Write the listing out again word for word. Pictures do not belong in the copy.

### Provided material ###

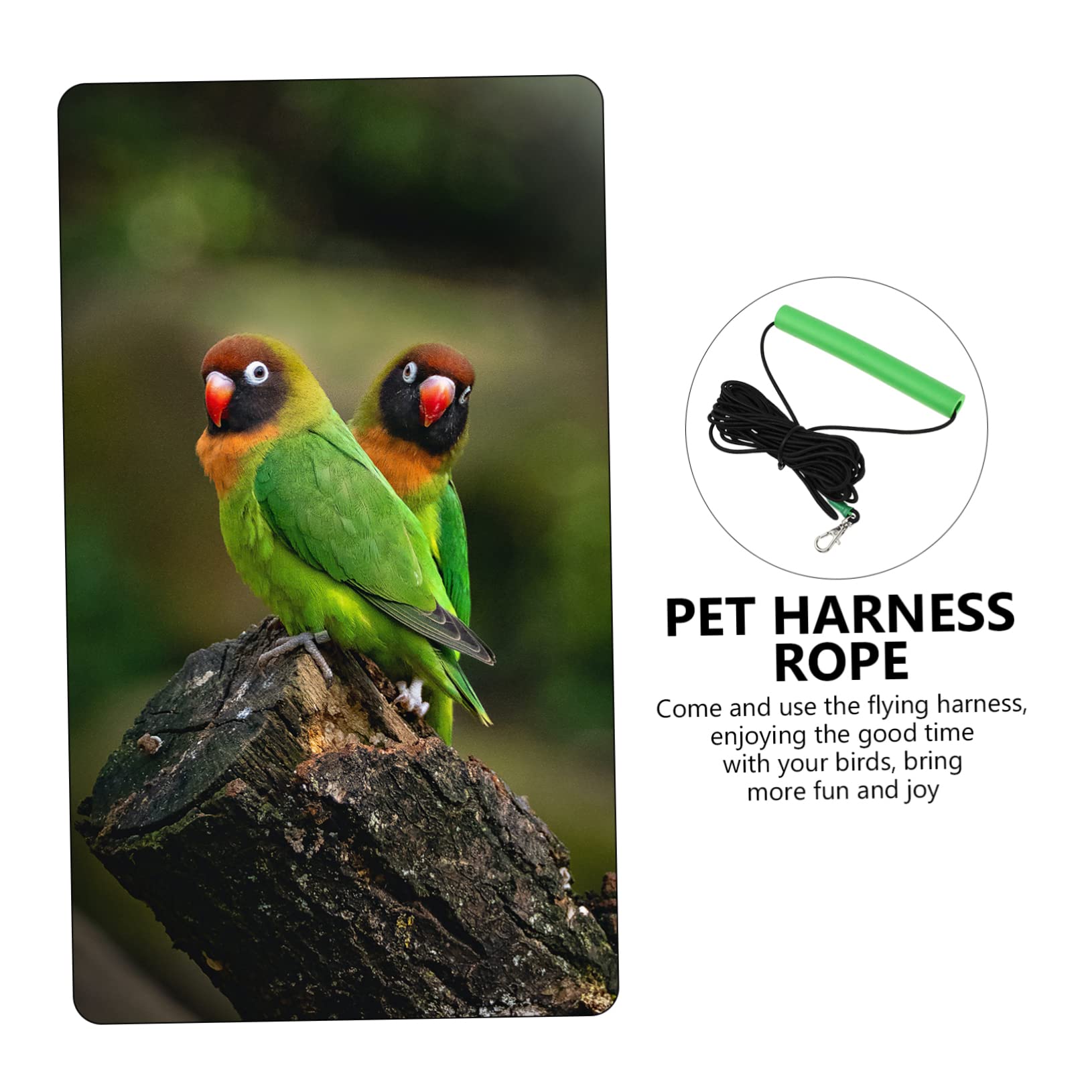 Hohopeti 2piezas Arnés De para Pájaros Cuerda De Entrenamiento De para Aves para Paseos Periquitos Cacatúas y Hámsters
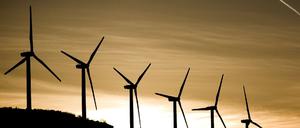 Windpark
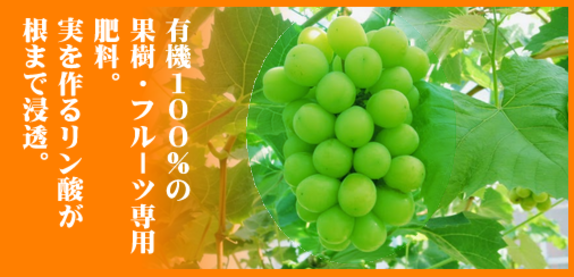 甘いフルーツの肥料.png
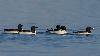 ... les Guillemots de Br�nnich ...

###

→ **Reply to the exercise**:
 Hohopeti 2piezas Arnés De para Pájaros Cuerda De Entrenamiento De para Aves para Paseos Periquitos Cacatúas y Hámsters
 Windpark
 甘いフルーツの肥料.png
 ... les Guillemots de Br�nnich ...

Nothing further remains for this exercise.